Jean PORTER, Nature as Reason: A Thomistic Theory of the Natural Law. Grand Rapids: Eerdmans, 2005. Pp. 432. $32.00 pb. ISBN 0-8028-4906-7.
Reviewed by James T. BRETZKE, S.J., University of San Francisco, San Francisco, CA 94117

A former colleague, who would be using Porter's latest book in his doctoral seminar on moral methods, asked me what I thought, since he'd not yet had a chance to read the work. I replied that although it would be a tough read for the students, needing a lot of help from the professor to follow many of the themes in the book, but that all in all it would be a worthwhile project. Porter, who is John A. O'Brien Professor of Moral Theology at the University of Notre Dame, has solidly established herself as one of the pre-eminent interpreters of Thomas Aquinas in our century.

Building on her Natural and Divine Law: Reclaiming the Tradition for Christian Ethics (Eerdmans, 1999) Porter takes the scholastic concept as her starting point to develop a constructive theory of the natural law. While establishing this starting point was largely the project of her previous book she seems to find it difficult to leave that former project entirely behind. In many ways this current book repeats and deepens the investigation begun in her previous book, and, for this reader at least, the stated project of developing a contemporary theological natural law ethic in the spirit of Thomas Aquinas is not entirely successful at least for a wider audience that is not already well-versed in, and favorably pre-disposed to the scholastic approach. Porter's long-standing study of the thirteenth century perhaps has left her more at ease in that century than in the twenty-first, though she makes the effort to traverse both. This observation does not mean that the current work is out of touch with the post-modern world, but rather that I am not sure that the audience shaped more by the twentieth century than the thirteenth will be able to follow easily Porter's logic and development.

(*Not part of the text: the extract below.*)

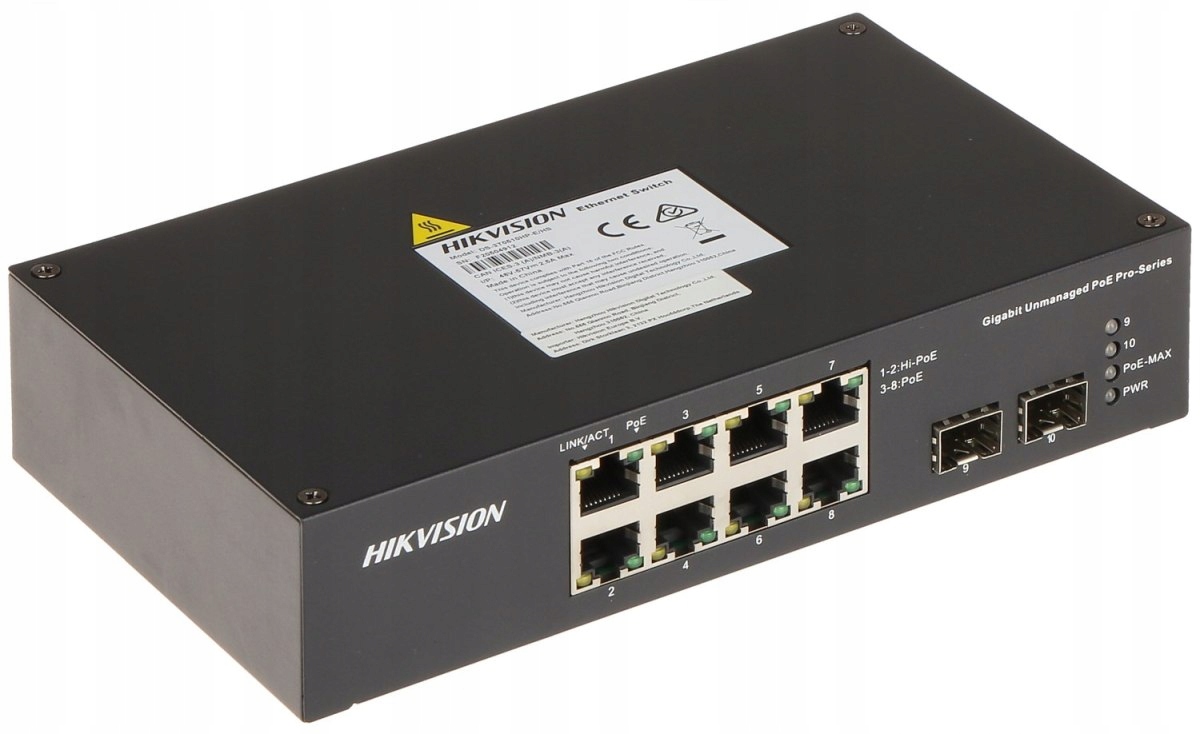 Switch Poe DS-3T0510HP-E/HS 8-PORTOVÝ Sfp Hikvision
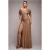 Langere Strakke Jurk Met Strapless Schouders En Kettinghals Voor Vrouwen Goddiva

The book is divided into five rather long chapters. Following the Introductory chapter Porter then considers (2) Nature as Nature: The Roots of Natural Law, (3) Virtue and the Happy Life, (4) Nature as Reason: Act and Precept in the Natural Law, and (5) Theological Ethics and the Natural Law. Copious footnotes and an extensive bibliography (though sometimes lacking notation of available English translations) provide excellent scholarly reference material.

A key point that Porter makes repeatedly is that while the scholastics believed that the natural law could generate specific moral norms, concrete specification of these moral norms was not their project. Rather, they viewed the natural law primarily as a capacity for moral discernment. This means that the natural law should not be understood primarily as a timeless list of detailed moral do's and don'ts. By grounding this approach in a theological vision of morality, Porter believes the scholastic approach can avoid the pitfalls of the classicist world view as well as some of the legitimate post-modern critiques of attempts to specify what "nature" is and/or dictates in concrete moral living. The primary value of the Thomistic approach may not be so much of a complete system of universal ethical norms as a way to reflect theologically about human morality. She also makes a number of valuable observations on the deficiencies of the Grisez-Finnis Basic Goods Theory as well as including some helpful ideas on the possibility of moral pluralism by bringing Aquinas into conversation with the late Jacques Dupuis' theology of religious pluralism.

In her concluding chapter (the strongest in my opinion) Porter argues that the Thomistic account can bridge both the traditional Protestant approach to the distinctively Christian grounding of ethics in Scripture and theology with the Catholic approach which stresses the rational capacity to arrive at moral judgments. As examples of each she shows how Stanley Hauerwas and Richard McCormick can both be "right" and complement each other's approach to ethics.

Stylistically the book is not easy reading. The inherent complexity of the material itself is further encumbered by a lot of ponderous repetition, sometimes word for word (e.g. compare footnote # 2 on p. 55 with # 73 on p. 106). Experts in the field will be very grateful for this meticulousness, but the attention to so much detail often makes reading the work for the development of the main points rather too difficult for the uninitiated. A stronger editor might have enabled Porter to let go of everything she's read and thought and instead focus more on her key points. Such a book might be read more widely, and have a much longer shelf-life. As it is, I fear that this book will be taken up largely by experts in the field and the more dedicated graduate students, though their efforts made to engage this book will certainly be well-rewarded.